Le dire haut et fort
Entre désinformation, marginalisation, appropriation ou effacement pur et simple, les réalisations et les contributions des Noirs américains à travers l’histoire n’ont pas encore été racontées dans leur intégralité. Aujourd’hui, Russell Frederick est déterminé changer cela. « Il y aurait un soulèvement avec juste l’amour de soi, mais c’est un changement que certaines personnes ne veulent pas voir », dit-il.
« Il y a un nouveau visage de l’Amérique noire, le Hip Hop, qui a transformé la musique et la culture de la rue. Il a fait des hommes et des femmes des super-héros et des icônes de style. Les Run-DMC, avec leurs costumes en cuir, fédoras, Adidas et chaînes en or, sont devenus une image de force, de masculinité, de confiance et de réussite. Le [créateur de mode] Dapper Dan s’est emparé de marques comme Gucci et Louis Vuitton et leur a donné une tout autre saveur.
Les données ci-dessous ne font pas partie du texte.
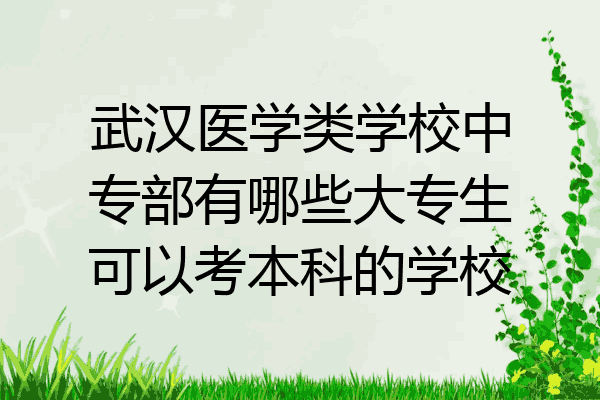 武汉医学类学校中专部有哪些大专生可以考本科的学校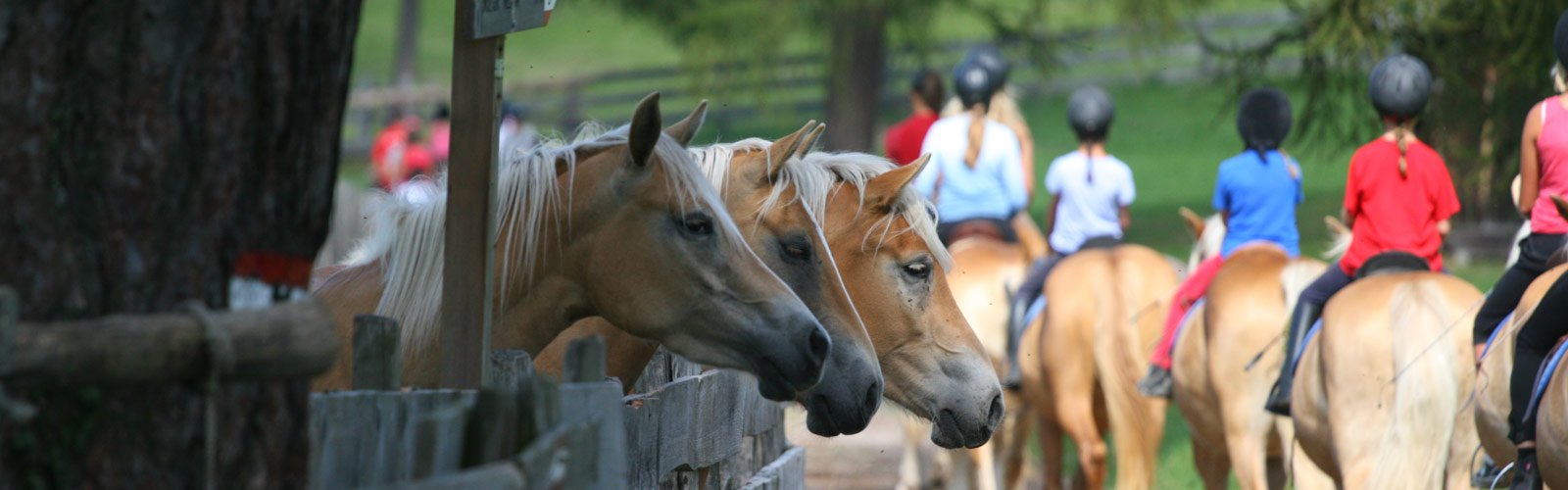 reiten2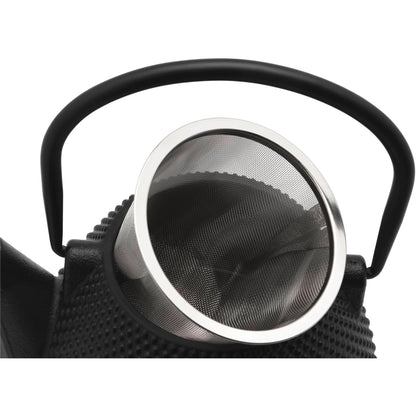 Bredemeijer Teapot Wuhan 1,0l cast iron black + Filter 153005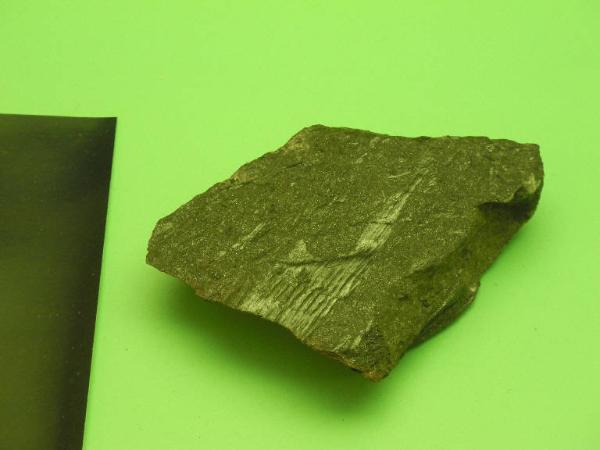Esemplare fossile di Equiseto fossile - Calamites non identificata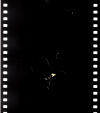 AS09-21-3246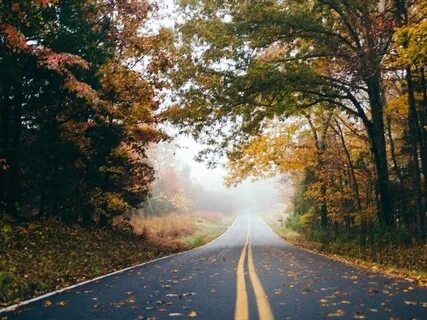 Your Shadow - Part II Of The Journey Of Becoming 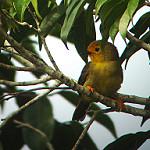 Orange-fronted Plushcrown / Metopothrix aurantiaca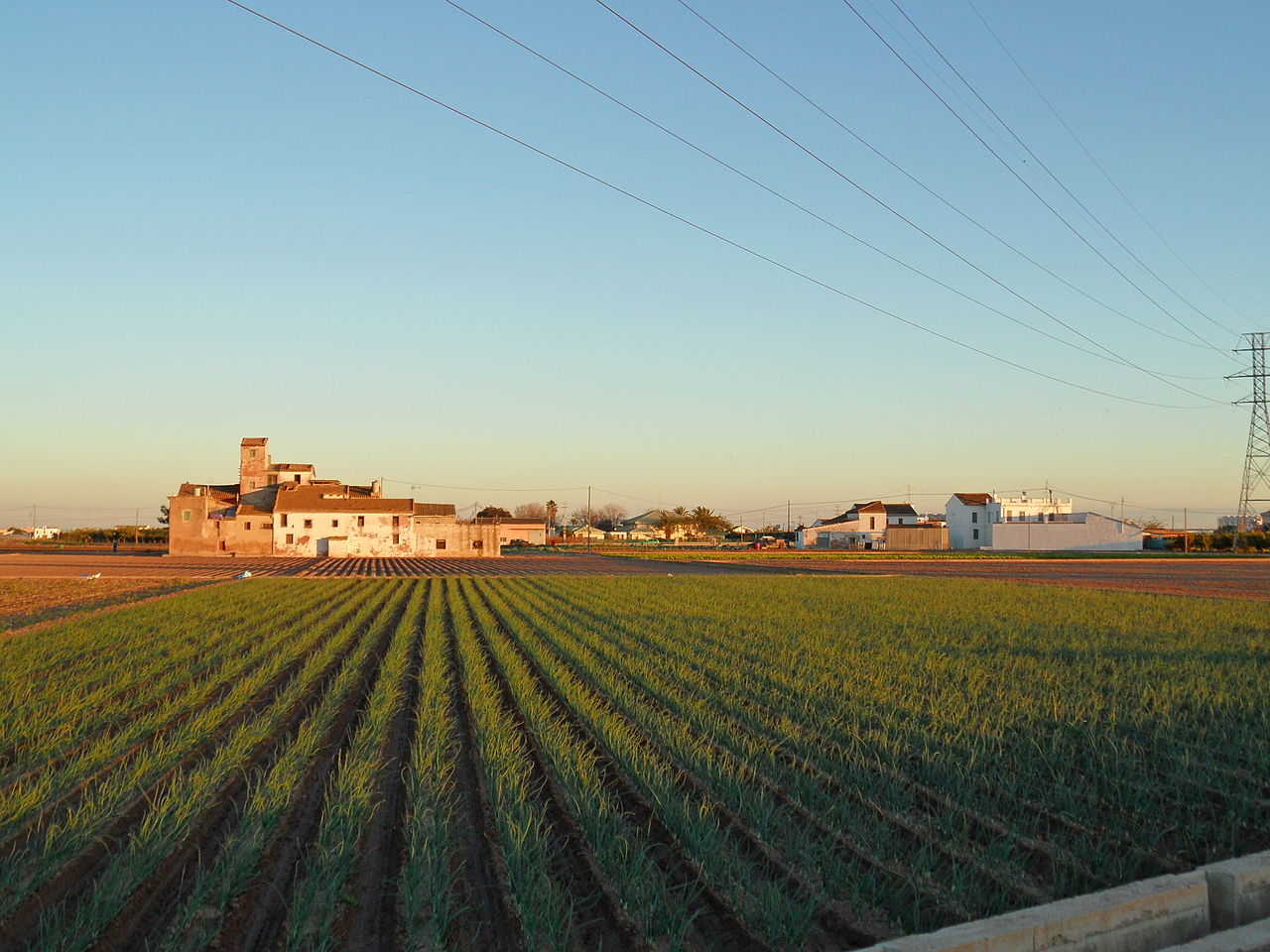 En gener un manifest de Per l'Horta recordava que la nova normativa era fruit de la llavor que es va sembrar amb la seua ILP i per això es reclamava l'aprovació de la llei de manera immediata.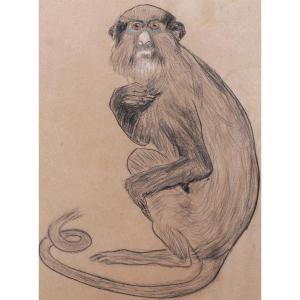 École FRANÇAISE circa 1900 - 1920, Singe bleu (Cercopithecus mitis)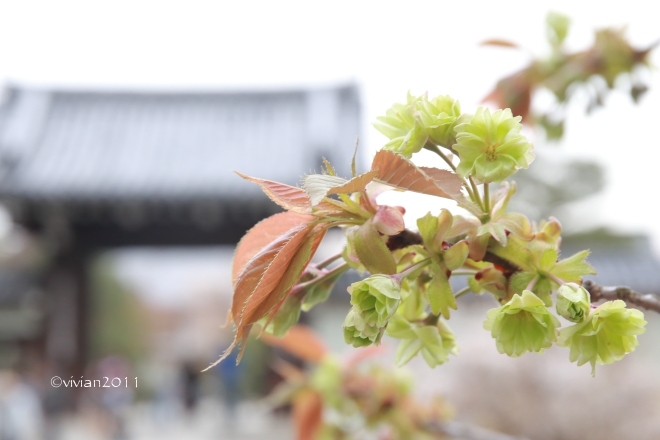 京都 遅咲きのおむろ桜 in 仁和寺(にんなじ)_e0227942_15311027.jpg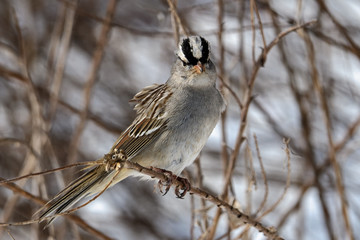 White crowned sparrow on a cloudy winters day. It is a species of passerine bird native to North America.  A mature bird has a grey face and black and white streaking on the upper head.
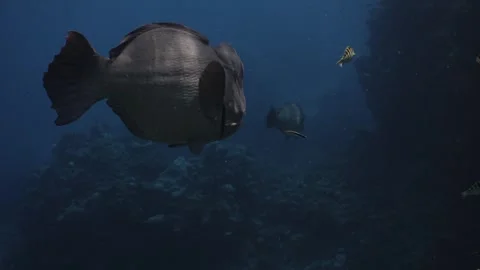 Bumphead Parrotfish in Australia Stock Footage 303074758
Le hip-hop s’est répandu à partir de New York dans le monde entier ; on le voit au Japon, en Éthiopie, chez les Blancs du Midwest – partout. »
Alors que les Noirs américains continuent de créer, de cultiver et d’innover culturellement, Frederick se dit prêt à répandre amour, paix, positivité, honneur et respect à travers son travail, en exploitant le pouvoir de la photographie et ainsi influencer le regard porté sur cette communauté.